Derbyshire County Council has announced plans to look for someone to work with on the Digital Derbyshire superfast broadband scheme.
The consultation will close on April 4, after which its expected that a winner will be announced.
Councillor Kevin Parkinson, cabinet member for regeneration said: “This is an important stage in the Digital Derbyshire project which will deliver the county’s biggest ever broadband transformation. A lot of hard work has taken place to lay the foundations so that we can ensure as many people as possible benefit when improved broadband infrastructure is rolled out.”
Read Recombu Digital’s report on Fibre Broadband and BDUK
In line with all BDUK (Broadband Delivery for the UK) plans, at least 90 per cent of homes and businesses across Derbyshire will be able to access superfast broadband (up to 30Mbps) by 2015. The remaining 10 per cent will get speeds of at least 2Mbps.
Over 180,000 premises in Derbyshire are in so-called ‘white areas,’ areas where commercial ISPs wouldn’t normally deploy high-speed services as it’s not commercially viable to do so. These areas will be targeted as a priority for superfast deployment as well as other areas benefitting too.

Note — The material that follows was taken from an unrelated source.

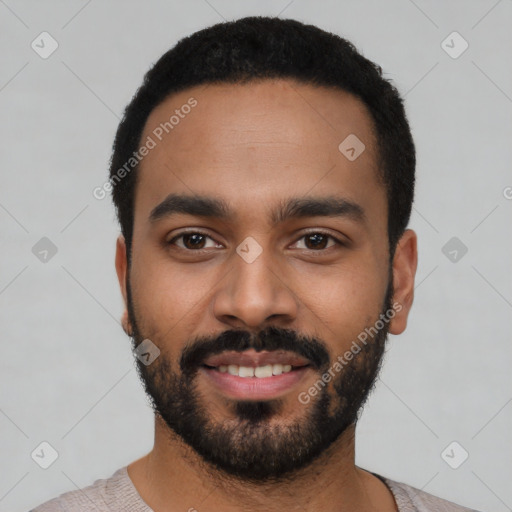 Joyful latino young-adult male with short  black hair and brown eyes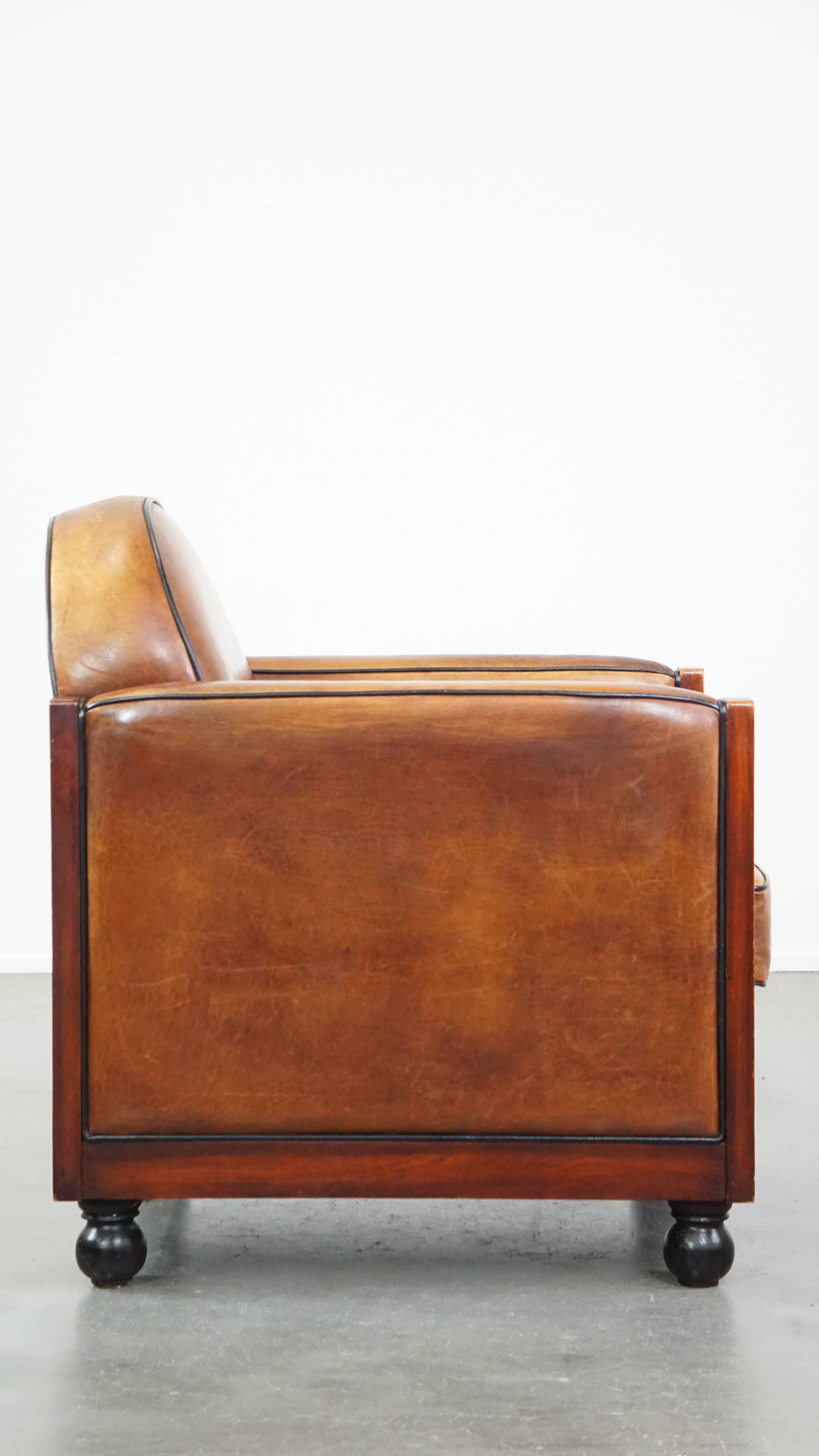 Hand-Crafted Timeless, finely crafted sheepskin leather and wooden Art Deco design armchair For Sale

Derbyshire has matched £7.39 million of BDUK funding, bringing the total amount of money to be spent on the project to £14.78 million. Though the whole invitation to tender process will need to go ahead, it’s a given that BT will be invited to do the work. With Fujitsu dropping out of the BDUK process, it’s just BT left in the bidding room now.
Should BT get the go ahead, then the majority of Derbyshire folk and firms can expect to get FTTC (Fibre to the Cabinet) broadband, which promises top download speeds of 80Mbps. While this is the top speed achievable on FTTC, the actual speed you get will be dependent on how close you are to the nearest street cabinet.
Eventually customers on FTTC connections will be able to upgrade the last mile of their line as part of the FTTP On Demand programme. This will see you able to upgrade your FTTC line to FTTP (Fibre to the Premises) which offers much faster download speeds and is more reliable than FTTC. At the moment, FTTP On Demand is looking like it’ll be quite pricey though.